Recent findings increasingly suggest that white matter damage – preceding the accumulation of those proteins – may be the true culprit. As brains age, they often experience gradual loss of blood flow from the narrowing of vessels that convey blood from the heart. Lower blood flow heavily impacts white matter.

Remarkably, there is even evidence that inherited forms of Alzheimer’s also feature early white matter abnormalities. That means therapies aimed at maintaining blood flow to white matter may prove more effective than attempting to dislodge proteins. One simple treatment likely to help is controlling high blood pressure, as this can reduce the severity of white matter abnormalities.

White matter and traumatic brain injury

Patients with traumatic brain injury, particularly those with moderate or severe injuries, can have lifelong disability. One of the most ominous outcomes of TBI is chronic traumatic encephalopathy, a brain disease believed to cause progressive and irreversible dementia. In TBI patients, the accumulation of tau protein in gray matter is evident.

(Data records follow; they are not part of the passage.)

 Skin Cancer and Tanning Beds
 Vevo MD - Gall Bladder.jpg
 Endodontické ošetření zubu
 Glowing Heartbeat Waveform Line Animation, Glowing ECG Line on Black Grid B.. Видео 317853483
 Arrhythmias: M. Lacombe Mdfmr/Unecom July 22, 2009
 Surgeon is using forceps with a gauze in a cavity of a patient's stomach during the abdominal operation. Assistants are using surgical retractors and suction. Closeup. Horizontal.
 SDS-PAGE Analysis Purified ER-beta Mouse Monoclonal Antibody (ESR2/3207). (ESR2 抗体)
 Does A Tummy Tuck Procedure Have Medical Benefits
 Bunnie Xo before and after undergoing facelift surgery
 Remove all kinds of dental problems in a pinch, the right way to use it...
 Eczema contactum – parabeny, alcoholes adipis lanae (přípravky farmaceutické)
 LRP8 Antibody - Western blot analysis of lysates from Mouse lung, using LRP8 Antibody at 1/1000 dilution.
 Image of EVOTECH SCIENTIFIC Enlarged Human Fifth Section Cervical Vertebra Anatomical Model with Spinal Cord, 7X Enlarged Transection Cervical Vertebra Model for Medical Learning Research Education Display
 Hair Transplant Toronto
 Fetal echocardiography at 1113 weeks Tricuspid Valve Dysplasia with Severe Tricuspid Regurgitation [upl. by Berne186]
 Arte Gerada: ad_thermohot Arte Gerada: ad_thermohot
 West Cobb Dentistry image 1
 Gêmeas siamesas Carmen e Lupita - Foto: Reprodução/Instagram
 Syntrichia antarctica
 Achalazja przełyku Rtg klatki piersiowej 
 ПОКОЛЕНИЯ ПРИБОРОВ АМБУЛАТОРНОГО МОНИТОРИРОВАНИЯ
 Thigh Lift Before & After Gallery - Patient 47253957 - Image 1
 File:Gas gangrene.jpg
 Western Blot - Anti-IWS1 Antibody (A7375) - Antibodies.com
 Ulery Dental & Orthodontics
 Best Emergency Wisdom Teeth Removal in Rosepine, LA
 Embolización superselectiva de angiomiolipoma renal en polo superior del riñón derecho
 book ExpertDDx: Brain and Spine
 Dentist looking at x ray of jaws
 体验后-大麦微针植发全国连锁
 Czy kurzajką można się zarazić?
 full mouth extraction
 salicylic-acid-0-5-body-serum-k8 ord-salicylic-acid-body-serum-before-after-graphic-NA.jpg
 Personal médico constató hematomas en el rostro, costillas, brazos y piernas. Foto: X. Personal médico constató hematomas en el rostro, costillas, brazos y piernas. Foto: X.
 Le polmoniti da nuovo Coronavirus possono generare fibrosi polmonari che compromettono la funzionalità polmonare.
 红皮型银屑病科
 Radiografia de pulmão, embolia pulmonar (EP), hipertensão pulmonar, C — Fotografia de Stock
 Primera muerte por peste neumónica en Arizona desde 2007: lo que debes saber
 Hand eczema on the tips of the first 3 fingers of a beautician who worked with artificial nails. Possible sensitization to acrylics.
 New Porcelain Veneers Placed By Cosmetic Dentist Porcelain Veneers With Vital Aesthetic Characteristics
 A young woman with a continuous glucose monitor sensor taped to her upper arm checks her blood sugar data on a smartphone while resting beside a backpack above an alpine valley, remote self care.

Researchers have long recognized that white matter damage is common in people who have sustained a TBI. Observations from the brains of those with repetitive traumatic brain injuries – football players and military veterans have been frequently studied – have shown that white matter damage is prominent, and may precede the appearance of tangled proteins in the gray matter.

Among scientists, there is a burgeoning excitement over the new interest in white matter. Researchers are now beginning to acknowledge that the traditional focus on the study of gray matter has not produced the results they hoped. Learning more about the half of the brain known as white matter may help us in the years ahead to find the answers needed to alleviate the suffering of millions.